The metaphysics of perception and cultural tension continues to preoccupy Ghose in his later novels. Though Crump's Terms, the reflections of a London schoolteacher, is a weak foray into wry social comedy, the three volumes of The Incredible Brazilian show the author to be highly imaginative. Influenced by Márquez and others, these three books—The Native, The Beautiful Empire, and A Different World—tell the marvelous, almost picaresque narratives of a single character named Gregório, who in a series of reincarnations is variously native, explorer, soldier, planter, merchant, marketeer, writer, and revolutionary. In writing out the three "lives" of the three books, Gregório confronts various ethical, historical, and mythological claims to both the territory and the idea of Brazil: native land, European colony, and new nation. Beyond the claim to the land lies the claim to the future, he writes, and he asks if cultural contact must necessitate corruption, if power is really man's only motivation, and in a closing and magnificently eloquent irony, if efforts to prevent violence inevitably prove destructive. This knot of abstract ideas gives the work its breadth of vision; its success derives also from Ghose's skill in telling a vivid, concrete narrative.
Even more successful are Ghose's further forays into patterns of imaginative adventure. A New History of Torments and Don Bueno take prototypical quest cycles and turn them into contemporary adventures of the psyche.
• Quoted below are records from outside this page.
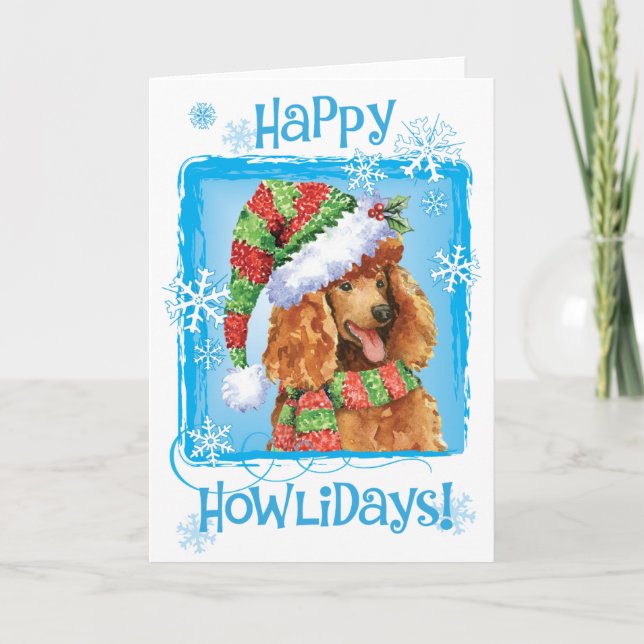 Tarjeta Festiva Happy Howlidays Poodle (Anverso)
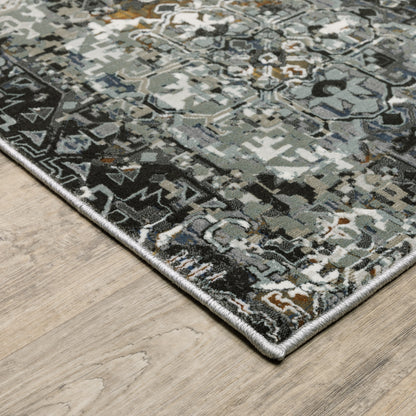 Gemini Distressed Charcoal/ Multi Medallion Cut Pile Rug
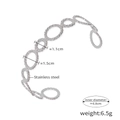 Silver stainless steel open bangle with interlocking twisted rope textured rings - Steel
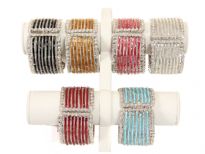 Metal Folding Bracelet, (12 PCS in Box) Silver Plating, Glass Sali Beads, Colors: Topaz, Maroon, Crystal, Red, Black, Turquoise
A New History of Torments follows the life of a young man from his rural South American home to a pleasure-palace island, only to watch him destroy himself after he becomes unwittingly entangled in an incestuous love. With a related setting, Don Bueno watches generations of young men grow up to inherit their fate: inevitably they pursue, kill off, and then replace their fathers—secure only in their blindness to the effects of time on their own ambition.
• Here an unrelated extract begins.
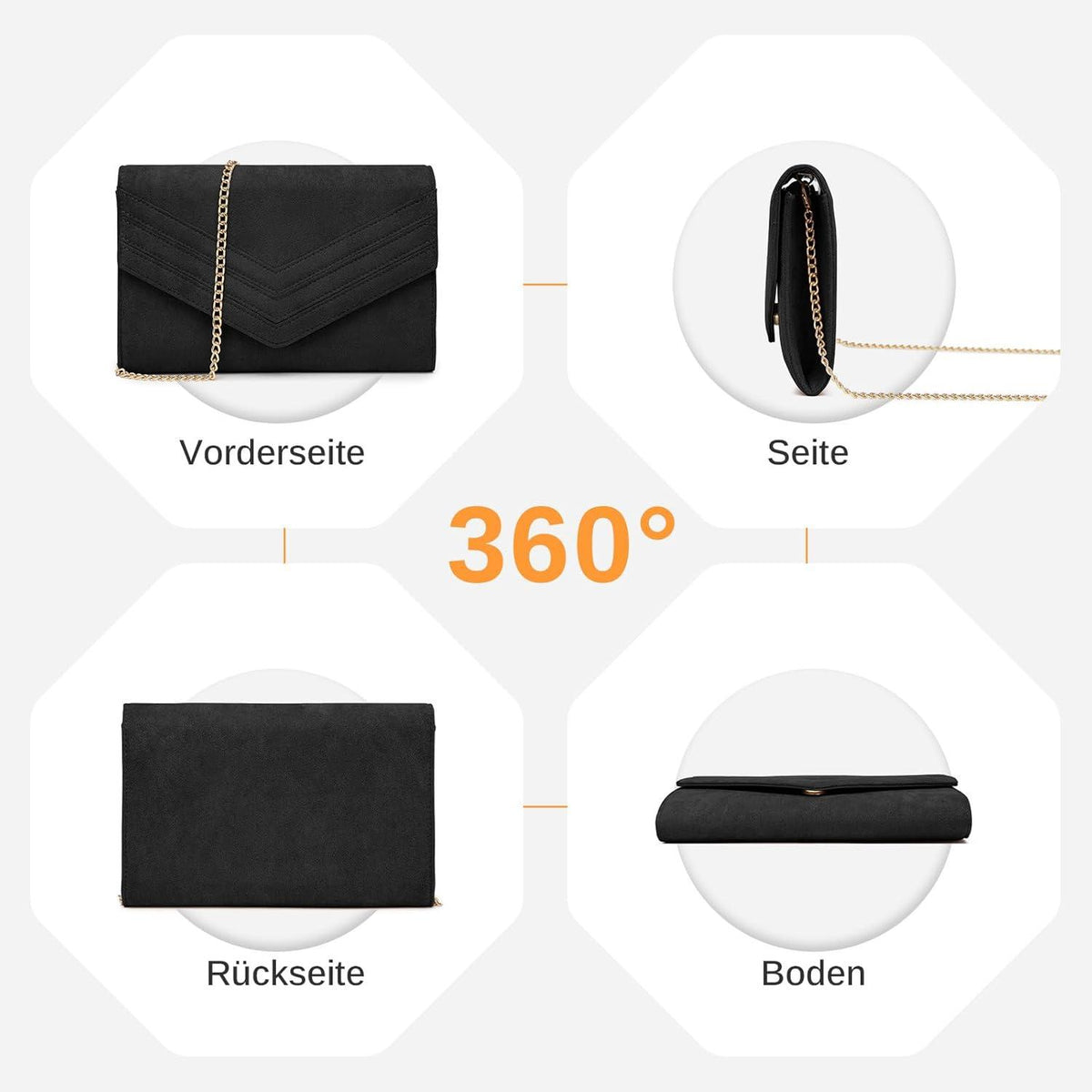 Damen Clutch Envelope Abendtasche Elegant Kettentasche Handtasche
Figures of Enchantment, using metatextual and magic realist techniques, turns more consciously to analyze artifice, and probes the experience of exile in yet another way. Focusing on the figures of representation and imaginative understanding (each of the characters, or "figures," for example, exists as a "figure" or "type" in other character's eyes), the novel draws the attention to its own syntax. It makes clear that "figurative" language both constructs versions of reality and removes people from any "natural" or "unmediated" relation with the external world.
The stories of Veronica and the Gongora Passion take place against a varied backdrop, both in time and space, that includes South America, the Indian subcontinent, and Spain during the Muslim period in the Middle Ages. By turns poetic, comic, and dramatic, Ghose's stories and novels are engaging narratives. They also constitute a continuing analysis of power: of its workings, and of its basis in the economics of ownership and desire.